The universe as we know it is governed by the laws of causal determinism — causes precede effects and not the other way around. If one knows all the forces acting on an atom, or an agglomeration of atoms, at any given instant, it should, in theory, be possible to not only predict how these entities would behave in the future, but also all their past states.

The laws of quantum physics tell us that everything in the universe is encoded with information about its constituent particles’ quantum states. And for causal determinism to remain inviolable, this information should never entirely disappear.

Black holes, however, muck things up a bit.

These objects — sometimes described as the “vacuum cleaners” of the universe — are bodies that warp space-time to such an extent that nothing, not even light, can escape once it passes the “event horizon,” or the edge of the black hole. Sometimes, they “evaporate” — an event that leads to the complete and utter loss of “information,” or all the physical attributes, of what they’ve gobbled up.

This puzzle, also known as the information paradox, has long stumped scientists, suggesting that there is something amiss with our understanding of reality and how the universe works.
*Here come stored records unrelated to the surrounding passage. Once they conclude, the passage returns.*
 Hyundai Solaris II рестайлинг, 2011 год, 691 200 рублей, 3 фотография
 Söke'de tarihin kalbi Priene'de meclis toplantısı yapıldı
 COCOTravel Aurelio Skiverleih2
Now, five months after the British cosmologist Stephen Hawking put up a paper offering a solution to the paradox, the study has been published in the peer-reviewed journal Physical Review Letters. In the paper, titled “Soft Hair on Black Holes,” Hawking and his colleagues Andrew Strominger of Harvard University and Malcolm Perry of Cambridge University in the U.K., argue against previous assertions that black holes have no “hair,” which, in this case, refers to low-energy quantum excitations that preserve information about everything that has been swallowed.
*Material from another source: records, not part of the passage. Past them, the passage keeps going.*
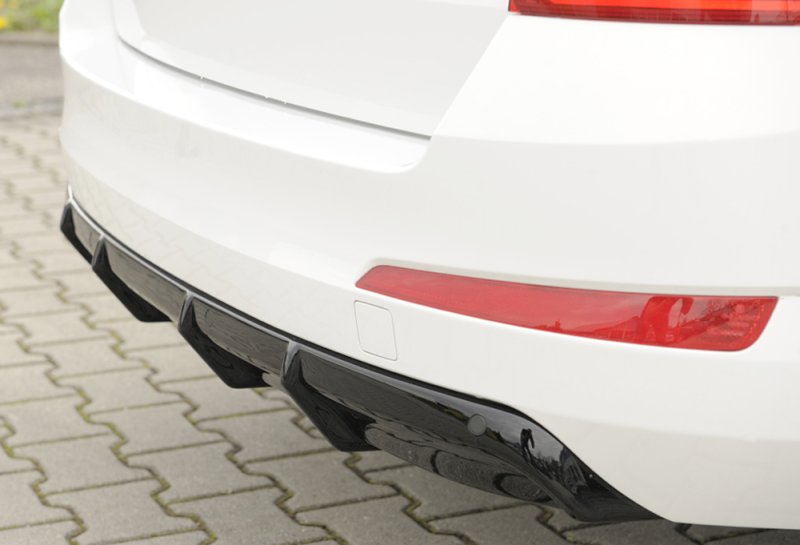 Rieger Heckeinsatz schwarz glänzend Skoda Octavia (5E) 02.13-01.17 (bis Facelift) - 88111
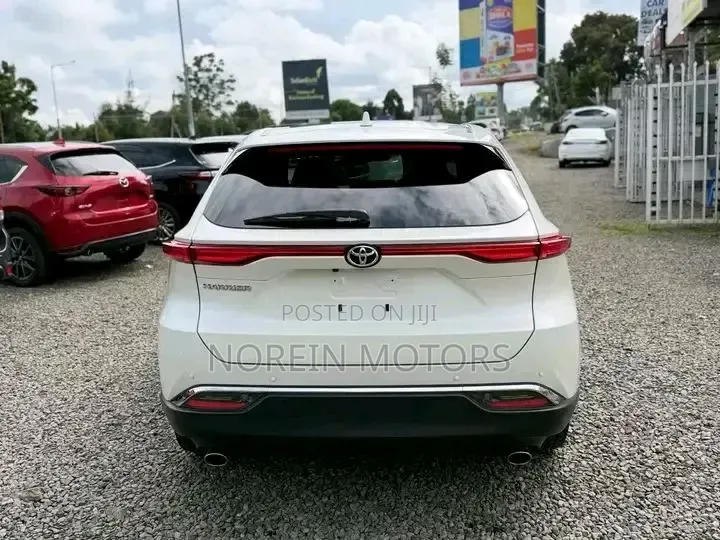 Toyota Harrier 2.0 2020 Off white
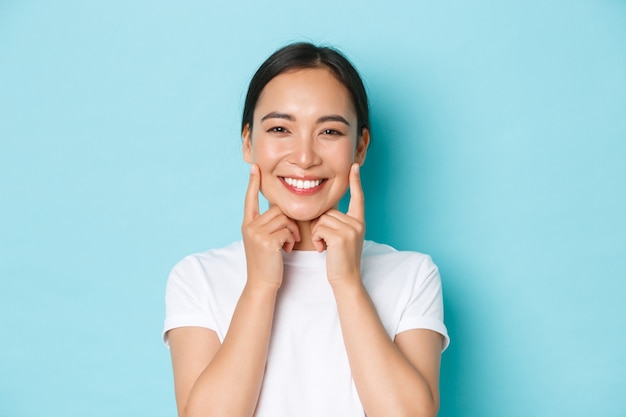 Asiatische Frau im lässigen T-Shirt posiert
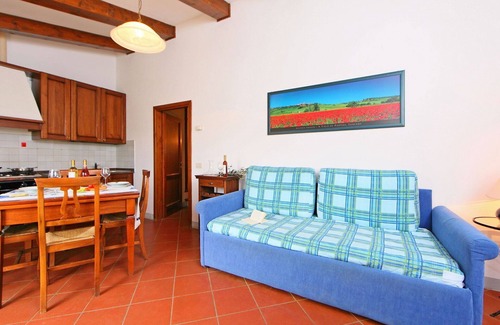San Leolino Villa | Cosy apartment in villa for 2 guests with pool, A/C, WIFI, TV, terrace, pets allowed and parking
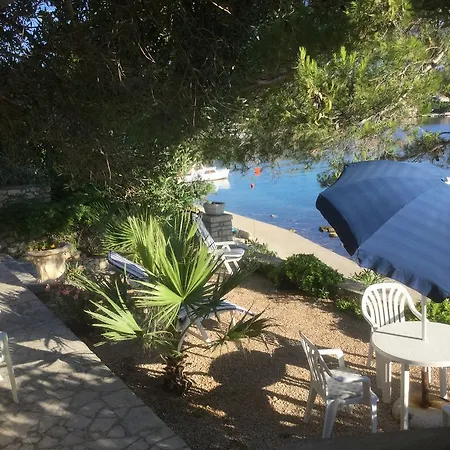 Apartment Seafront Garden Apartments Lumbarda Lumbarda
Hawking and his co-authors state that charged particles crossing the event horizon could leave traces of themselves in space-time in the form of “soft photons” and “soft gravitons,” which have no energy. These bizarre particles change the vacuum of space-time and allow it to preserve information about the original particles.

This information is then released in the form of "Hawking radiation" — which was initially thought to be a random jumble containing no useful information about what fell into the black hole — when the black holes evaporate.

Although the new study does not entirely resolve the black hole information paradox, it is definitely a promising step toward the solution.

“One can start with a simpler question — what is wrong in Hawking’s original argument that information must be lost? The paper by Hawking, Perry, and Strominger provides a possible answer,” Gary Horowitz, a physicist at the University of California, Santa Barbara, wrote in a commentary. “The researchers demonstrate that when a charged particle falls into the black hole, it excites some of this soft hair. The exact conservation of the new charges implies that when a black hole evaporates, the information about the hair on the horizon must come out in the Hawking radiation.”